#### [Items from a dataset]
--- --- ---
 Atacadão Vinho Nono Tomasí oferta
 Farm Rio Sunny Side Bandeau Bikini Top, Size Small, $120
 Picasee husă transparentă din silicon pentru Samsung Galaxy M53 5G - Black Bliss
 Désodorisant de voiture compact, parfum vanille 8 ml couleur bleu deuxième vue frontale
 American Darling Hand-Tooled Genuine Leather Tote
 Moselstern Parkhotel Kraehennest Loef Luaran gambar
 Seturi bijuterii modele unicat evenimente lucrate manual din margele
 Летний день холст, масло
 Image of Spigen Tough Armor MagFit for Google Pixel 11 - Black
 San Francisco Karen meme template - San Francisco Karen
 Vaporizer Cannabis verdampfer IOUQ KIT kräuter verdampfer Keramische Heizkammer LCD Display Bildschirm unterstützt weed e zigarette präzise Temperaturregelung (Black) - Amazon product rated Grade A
--- --- ---
#### [What is needed]
Quote the data above verbatim from its first line to the line that includes "Désodorisant de voiture", with both boundary lines retained.

#### [Worked solution]
 Atacadão Vinho Nono Tomasí oferta
 Farm Rio Sunny Side Bandeau Bikini Top, Size Small, $120
 Picasee husă transparentă din silicon pentru Samsung Galaxy M53 5G - Black Bliss
 Désodorisant de voiture compact, parfum vanille 8 ml couleur bleu deuxième vue frontale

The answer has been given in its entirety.